Instado a comentar sobre os condicionalismos para a retoma do apoio ao Orçamento, Meyer-Cirkel reconhece que, desde o episódio das dívidas ocultas, houve um “trabalho extenso” por parte das autoridades em resolver problema de governança e tentar fortalecer as instituições, no entanto, o cumprimento das metas do Relatório sobre Transparência, Governação e Corrupção, elaborado pelo Governo de Moçambique em 2019 com a Assistência dos Departamentos Jurídico e de Finanças Públicas do FMI, com prioridades de reformas em áreas consideradas estruturantes, tem um papel de relevo nas discussões sobre a estruturação do novo programa de apoio.

Enquanto prosseguem as discussões sobre o programa financeiro, vão sendo consolidadas as relações do Fundo com o País nos outros pilares de cooperação que, além do engajamento financeiro, compreendem a análise económica-fiscal e a assistência técnica. Com efeito, avançou, está a entrar na etapa final uma análise macro-fiscal do país que deverá ser lançada até primeiro trimestre de 2022, um trabalho relativo à auscultação dos Estados-membros no âmbito do “Artigo quatro” dos estatutos do FMI.
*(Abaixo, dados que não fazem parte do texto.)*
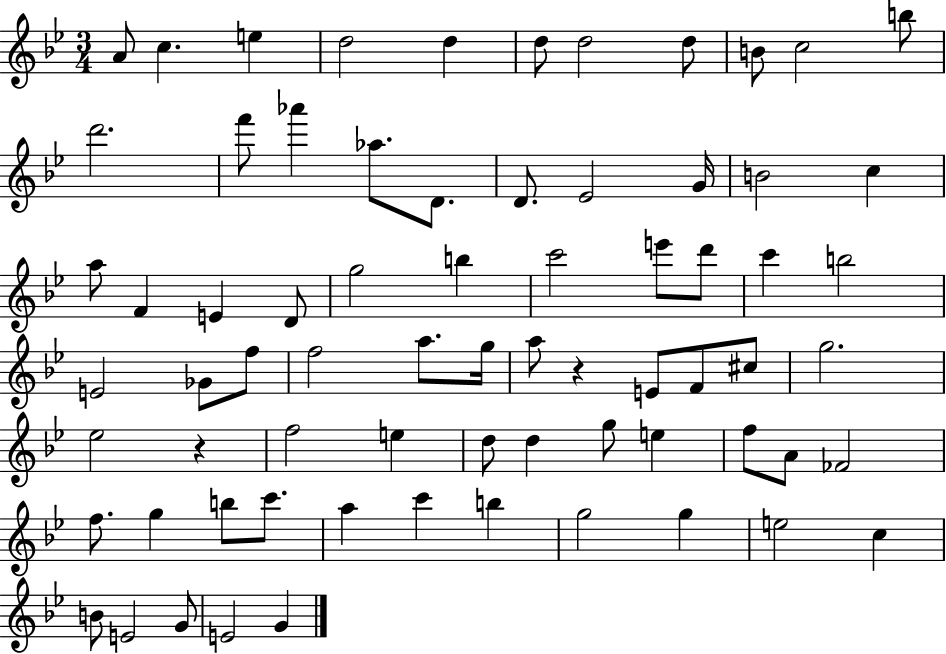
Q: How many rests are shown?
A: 2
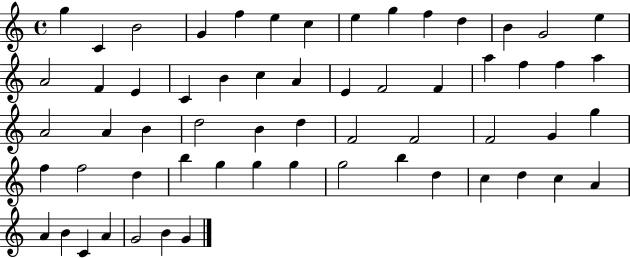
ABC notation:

X:1
T:Untitled
M:4/4
L:1/4
K:C
g C B2 G f e c e g f d B G2 e A2 F E C B c A E F2 F a f f a A2 A B d2 B d F2 F2 F2 G g f f2 d b g g g g2 b d c d c A A B C A G2 B G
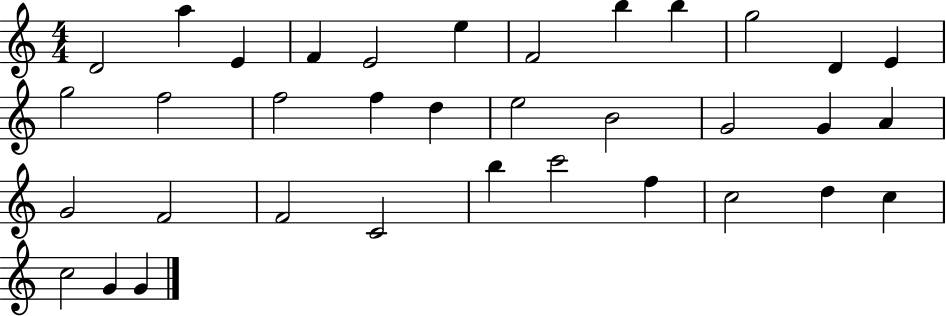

_Manutenção da paz é crucial para um crescimento sustentado

Comentando sobre as perspectivas de crescimento e desenvolvimento económico do País, Meyer-Cirkel frisou que a manutenção da paz é impreterível para colocar a economia na rota de um crescimento continuado e sustentado de médio e longo prazo. “Primeiramente, o que precisa ser evitado são conflitos, deslocamentos. Então, precisamos ter bastante cuidado em manter a paz”, ajustou.

Outrossim, considerando que estamos numa fase de retoma gradual da economia, com uma recuperação frágil, é importante gerir as fragilidades fiscais, alertou, explicando que, à semelhança de várias economias africanas, a actual situação do País é traduzida por um trilema: um endividamento alto, pressão sobre as receitas e despesas crescentes.

Apesar de reconhecer que as receitas do gás irão diversificar o envelope de recursos do Governo, aliviando o endividamento, Meyer-Cirkel defende que o País precisa de instituições fortes para assegurar um boa gestão das referidas receitas.